At the time of Barack Obama’s 2008 and 2012 victories, the typical “marginal abstainer” — someone who came close to voting but stayed home — leaned more Democratic than the average voter. By 2016 this had reversed, and the more people nudged from abstention to voting, the higher Trump’s vote share.

Under this new dynamic, a situation where Democrats fare well in lower-turnout special elections but struggle to translate that into commensurate success in a high-turnout presidential campaign is no surprise.

Trump’s base includes many who rarely participate in politics when his name is not on the ballot. These people stay home in special elections, padding Democratic margins, but they’ll be out in force in November.

And this is not a US-specific phenomenon. Britain’s EU referendum was an even clearer example, with a substantial number of not-usual-voters casting ballots in 2016 and tilting the balance towards Leave. Had only regular general election voters turned out, the Remain campaign would have won.

I have extended the methods of Martinez and Goidel to the UK, and this same pattern looks to be bleeding into British party politics. Historically, Labour benefited from higher turnout. But in 2019, the gradient flipped, as the Conservatives leaned into the Brexit divide, placing themselves on the side of non-graduates. The 2019 election may have been the first time that increased working class turnout boosted the Conservatives, not Labour.

This year’s elections will be won and lost for any number of reasons, and persuading swing voters will remain key. But any analysis that fails to take into account the new turnout dynamics will be incomplete.

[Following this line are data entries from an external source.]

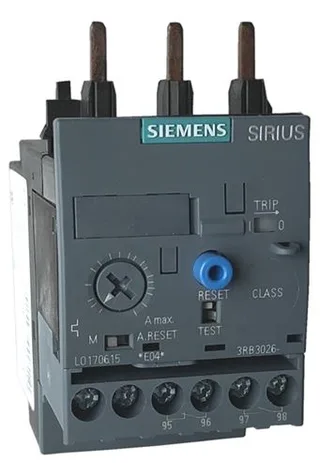 Siemens 3RB3026-1PB0 — Overload Relays (image 2)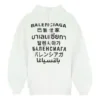 SS21-hettetrøje med logotryk, hvid, 641529TJVI69040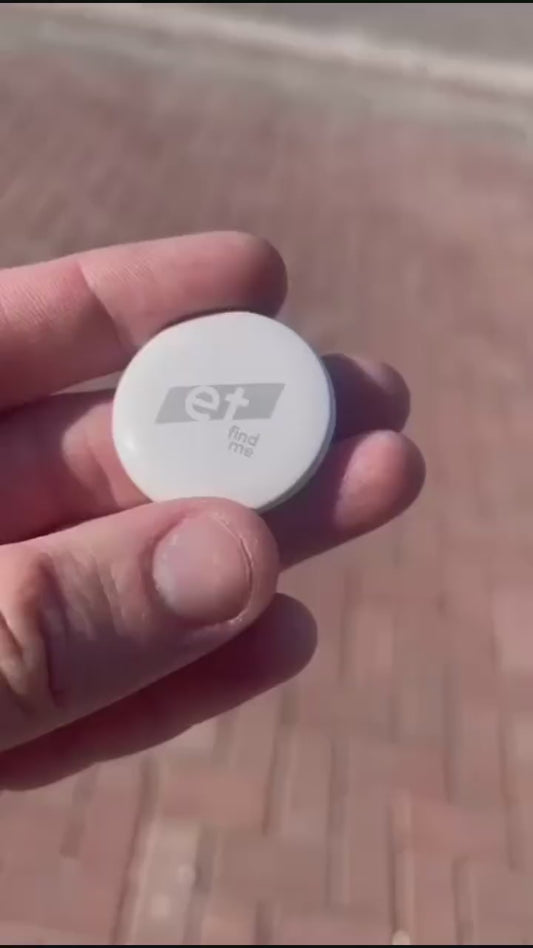 جهاز تتبع للأيفون - اي تي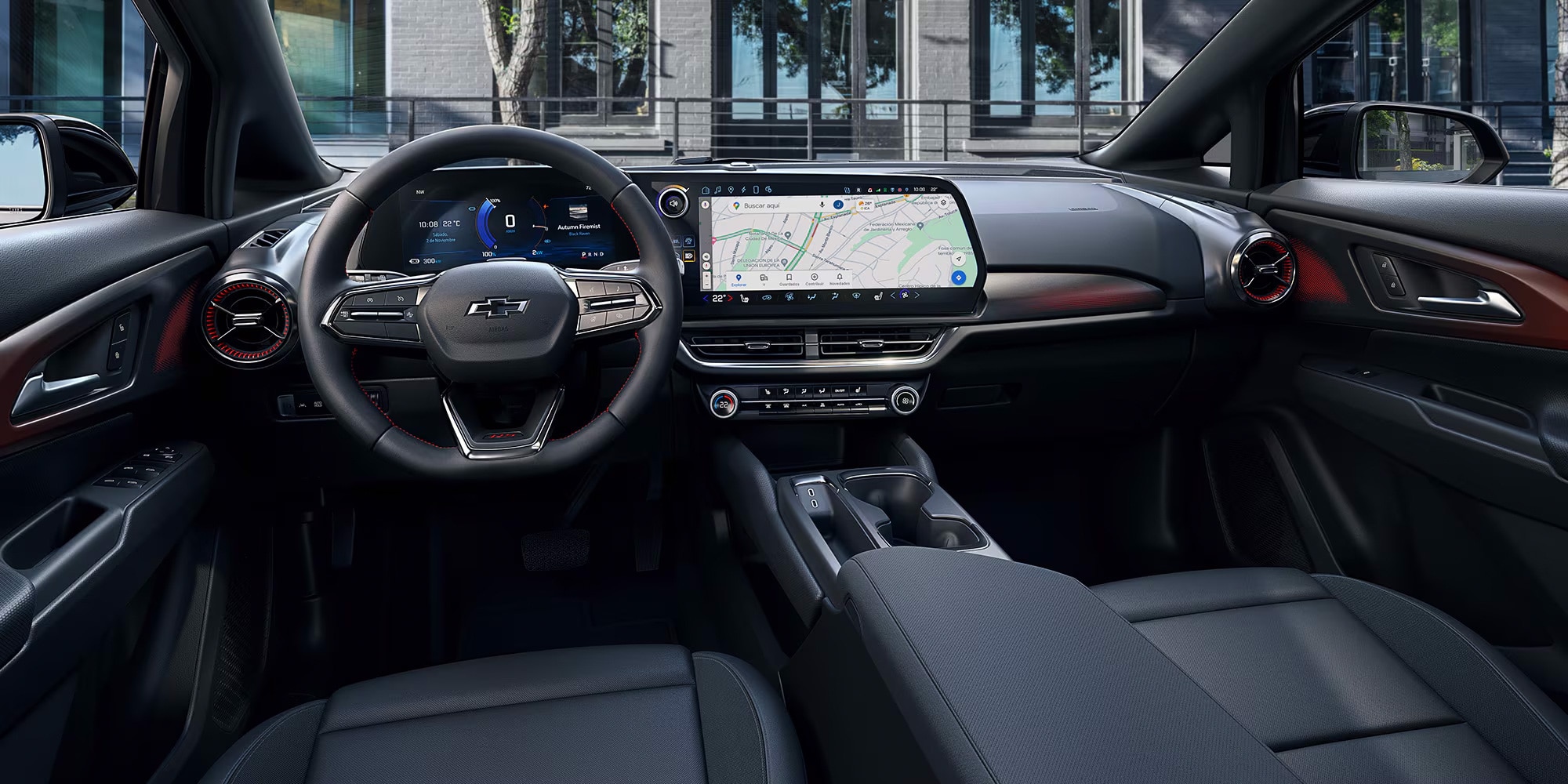 Galleria Escalade IQ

john.burn-murdoch@ft.com, @jburnmurdoch

Data sources and methodology

Following Martinez and Gill (2005) and Goidel et al (2023), the relationship between turnout and partisan voting is modelled using a multinomial logistic regression which calculates the predicted probability of an individual a) voting at all, and b) voting for a particular party/candidate, based on detailed characteristics including their demographics (age, sex, race/ethnicity), socio-economic situation (income, employment, education), values (position on economic and cultural issues), political engagement, economic perceptions and approval of the president or prime minister.

The predicted probabilities of abstaining are then used to simulate different levels of turnout. For example, to simulate the result when only 30 per cent of the electorate votes, I take the 30 per cent of people with the highest probability of voting, and they “vote” for the party they are most likely to have supported. To simulate the result at 70 per cent turnout, I do the same thing with all but the 30 per cent least likely to have voted.

The data used in the models is from the US Cooperative Election Study (2008-2020), American National Election Studies (2000-2004) and British Election Study (1997-2019). Validated voting records are used for all US elections from 2008 onwards, and all UK elections from 2005 onwards. Earlier elections use self-reported voting.